Closed sjpotter closed 1 year ago

sjpotter commented 1 year ago

I downloaded the latest release off of github and it appears to be creating invalid nzbs

version:

nyuu  --version
0.4.1

I run it as

nyuu --connect-retries 100 --reconnect-delay 30s  -h <snip> -u <snip> -p <snip> -n 40 --filename "{basename}" -f <snip> -g <snip> -k 10 -o <snip> --minify --nzb-password <snip> -r keep <dir snipped>

what I end up with is an nzb that looks like

<ns0:nzb xmlns:ns0="http://www.newzbin.com/DTD/2003/nzb">
        <head>
                <meta type="password">snip/meta>
        </head>
        <ns0:head>
                <ns0:meta type="password">snip</ns0:meta>
        </ns0:head>
        <ns0:file poster="snip" date="snip" subject="snip">
                <ns0:groups>
                        <ns0:group>snip</ns0:group>
                </ns0:groups>
                <ns0:segments>
                        <ns0:segment bytes="739527" number="1">snip@nyuu</ns0:segment>
                </ns0:segments>
        </ns0:file>
</ns0:nzb>

now the ns0: prefix isn't invalid xml, but it does seem to cause it to fail in apps (say nzbget) that don't expect it and expect just a plain tag. if I run it through with a simple sed/vi search and replace (%s/ns0://g) its usable.

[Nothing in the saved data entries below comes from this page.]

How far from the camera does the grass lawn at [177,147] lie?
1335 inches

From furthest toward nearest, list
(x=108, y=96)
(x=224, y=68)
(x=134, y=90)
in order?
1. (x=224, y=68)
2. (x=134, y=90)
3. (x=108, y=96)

sabnzbd also doesn't specify using a namespace tag: https://sabnzbd.org/wiki/extra/nzb-spec

also note that the head tag was output twice, once with ns0: once without)

Is it possible to at least have a cmd line option to control this?

animetosho commented 1 year ago

That's awfully weird. The text that gets inserted into the NZB is largely hardcoded and there's no namespaces in sight.

Are you using some tool that could be inserting the namespace? I note that --minify is specified, and you don't get pretty printed output like you show above.

sjpotter commented 1 year ago

argh. you're right. I had a python tool I wrote to insert passwords and compress. that's what's doing it. sorry. looked at original source and its right.

animetosho commented 1 year ago

If it helps, --nzb-compress can be used for compression (password insertion already done via --nzb-password), which might remove the need for an external script.